Title: | Theory-Driven Item Response Theory (IRT) Models |
Version: | 0.0.1.1 |
Description: | IRT-M is a semi-supervised approach based on Bayesian Item Response Theory that produces theoretically identified underlying dimensions from input data and a constraints matrix. The methodology is fully described in 'Morucci et al. (2024), "Measurement That Matches Theory: Theory-Driven Identification in Item Response Theory Models"'. Details are available at https://www.cambridge.org/core/journals/american-political-science-review/article/measurement-that-matches-theory-theorydriven-identification-in-item-response-theory-models/395DA1DFE3DCD7B866DC053D7554A30B. |
License: | MIT + file LICENSE |
Encoding: | UTF-8 |
RoxygenNote: | 7.3.2 |
Depends: | truncnorm, tmvtnorm, utils, RcppProgress, RcppDist, ggplot2, R (≥ 3.5.0) |
Suggests: | knitr, rmarkdown, testthat (≥ 3.0.0), RColorBrewer, fastDummies, ggrepel, tidyverse, spelling |
VignetteBuilder: | knitr |
LazyData: | true |
LinkingTo: | Rcpp, RcppArmadillo, RcppDist, RcppProgress |
Imports: | coda, Rcpp, RcppArmadillo, ggridges, rlang, dplyr, reshape2, |
Config/testthat/edition: | 3 |
Language: | en-US |
NeedsCompilation: | yes |
Packaged: | 2025-04-16 20:29:50 UTC; Promachos |
Author: | Marco Morucci [aut],
Margaret Foster |
Maintainer: | Margaret Foster <m.jenkins.foster@gmail.com> |
Repository: | CRAN |
Date/Publication: | 2025-04-19 12:22:01 UTC |
Geweke Convergence
Description
Runs Geweke tests to assess MCMC convergence
Usage
Geweke_convergence(THETA)
Arguments
THETA |
Matrix of parameter estimates from IRTM |
Value
Proportion of values that fail the Geweke convergence test (p < 0.05) for each parameter
Methodological Codes
Description
Factor loading matrix for IRT-M vignette. This is a 793 row and 9 column dataset. The rows are derived from the binary encoding of the synthetic survey, with a row for every binarized question in the survey. The first 56 rows are retained metadata, and have lots of NA.

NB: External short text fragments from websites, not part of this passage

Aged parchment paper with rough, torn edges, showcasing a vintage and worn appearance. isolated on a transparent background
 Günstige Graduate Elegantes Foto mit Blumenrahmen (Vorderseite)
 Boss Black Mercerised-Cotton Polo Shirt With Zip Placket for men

The data format is an intermediary processing for IRT-M, and is detailed in the vignette text.
@format A data frame with the following variables: #'
- QCode
Mapping of the dimension coding key to the underlying question in the original (synthetic) survey data. The first 56 rows are blank because they map to survey and respondent metadata that doesn't relate to dimensions.
- QMap
Mapping to the question in data processed by the vignette for variable estimation.
- SubstantiveNotes
Brief human readable comments on the substantive meaning of the coded questions. These are for convenience of reference.
- D1-Culture threat
Loading vector for the cultural threat dimension. A 1 indicates that the question is expected to load.
- D2-ReligionThreat
Loading vector for the religious threat dimension.
- D3-Economic Threat
Loading vector for the economic threat dimension.
- D4-HealthThreat
Loading vector for the health threat dimension.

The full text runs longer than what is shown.